The presence of no triclopyr at all at site 10 might seem anomalous at first, but it bears noting that these samples were taken the morning after a long hard rain.  Site 10 is on the Ompompanoosuc River well below where the lake empties into it.  The river was well above its normal level, and flowing extremely fast.  There was a lot of water there, and most of it had come from sources other than Lake Fairlee.  It is possible that if the river been lower when we sampled some triclopyr might have been detected.

* “ppm” means “parts per million,” and “ppb” means “parts per billion.”

Results from the Fourth Round of Tests

On Monday, June 21st, we collected two more samples, and sent them off for analysis. Today we received the results from the lab. They appear in the table below.

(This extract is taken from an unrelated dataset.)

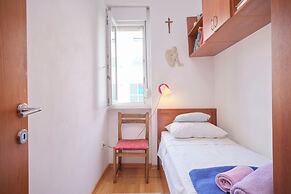 Old Town Art Apartment Split by Litto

Location Applied June 3rd June 9th June 15th June 21st
Site 1 1.5 ppm 0.202 ppm 0.121 ppm n/a n/a
Site 2 1.5 ppm 0.930 ppm 0.127 ppm n/a n/a
Site 3 1.5 ppm 0.510 ppm 0.113 ppm 0.098 ppm 0.059 ppm
Site 4 2.0 ppm 0.085 ppm n/a n/a n/a
Site 5 2.0 ppm 0.160 ppm n/a n/a n/a
Site 6 2.0 ppm 0.145 ppm n/a n/a n/a
Site 7 2.0 ppm 0.123 ppm n/a 0.093 ppm 0.065
Site 8 2.0 ppm 0.332 ppm n/a 0.088 ppm n/a
Site 9 0.0 0.015 ppm n/a n/a n/a
Site 10 0.0 n/a n/a 0.031 ppm n/a

We took only two samples this time, just to confirm the continuing decrease in concentration. Based on these results we will take samples at all 10 locations next Monday, and hope to have the State lift the next restriction (drinking lake water) later next week.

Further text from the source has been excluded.